(2023-10-21) The Product Manager Role Is A Mistake
Michele Sollecito: The product manager role is a mistake. Software product companies aren’t usually started by people with a strong background in building software products. Those who most likely end up founding businesses are good at getting funding, and at understanding their target industry
These people tend to lead everything personally, and a lot could be said about the damage domain experts cause to their own companies when they lead things
Sometimes, though, they acknowledge the danger they represent, and hire somebody in charge of making decisions
Do you know, though, what all the great people mentioned above have in common? None of them was a product manager... None of them were motivated by OKRs, KPIs, data, or other people’s opinion. They were obsessed by their vision and craft.
So, sure, if you can find someone tremendous, you’re willing to get out of their way, and you can cope with their intensity, by all means give them control over your product and company. They’ll produce extraordinary things. Good chances are, though, that you wouldn’t be able to find them, that they wouldn’t want to work for you or with you. (A-Player)
So what do you do instead? The enormous mistake you can make is to adopt a model that requires tremendous people, without having these tremendous people. The product managers you can hire and are comfortable hiring aren’t tremendous people
So what happens when you try to replicate something you have heard or read, but with a different breed of people?
These PMs you hire have no vision, charisma, expertise, strong beliefs, or technical skills. So what do they do when you give them that kind of power? They play it safe, and they play politics.
First, they weaponize data-driven decisions
Next up is introducing frameworks and roles for everything.

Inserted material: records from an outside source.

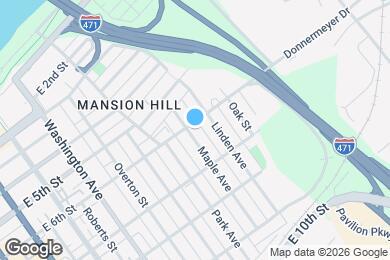 Map image of the property - 605 Maple Ave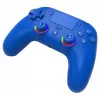 Controller LED wireless SUBSONIC SA5639-3 per PS4 e PC, gamepad wireless blu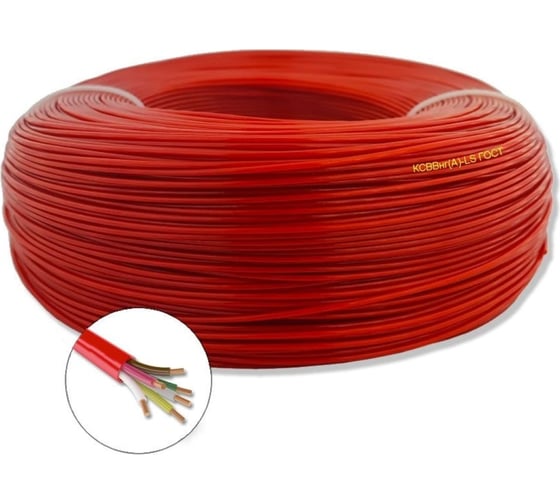 Изображение товара Кабель для пожарной и охранной сигнализации ПРОВОДНИК КСВВнг(A)-LS 20x0.5 мм2, 5м OZ68052L5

Everything involves a large committee, where anyone can say “no” to anything, but nobody can fully say “yes”.
Meetings also tend to explode in number
As a final nail in the coffin, they hire a ton of bad people. People are hired based on whether they’d represent no threat, so any trace of greatness pretty much guarantees a rejection. The ideal hire becomes a mindless all-rounder, who semi-competently does everything they’re told, without any dissent or care for quality
Is there any alternative
You hire everyday great people. Each one needs to be great at something, obsessed by their craft, and driven by quality. You then put them together in a team, without individual responsibilities, ensuring that there’s minimal overlap in areas of greatness.
You could avoid team leads completely, and have area leads as outside-in coordinators. But if you decide that you prefer having a leader responsible for each area, then by all means put a great person in that role.
The leader of an area should be the person that gets closer to the various Jobs, Musk, and Bezos.
And what about product managers? Is there no space for PMs in a well-operating company? Not for the PM role, no
You do need people that obsess about product discovery, product observability, and other areas traditionally delegated to product managers. Almost inevitably, these people will have held a product manager role, and that’s fine. But you’re hiring because of the obsession and the strengths, not because of the title.
I’d be dishonest if I wouldn’t admit that the problems I described happen everytime anyone without vision, charisma, passion, technical skills, and willpower is put in charge. So why the focus on product managers? It’s because of this tendency to wanting people with a product manager title in charge of software product development.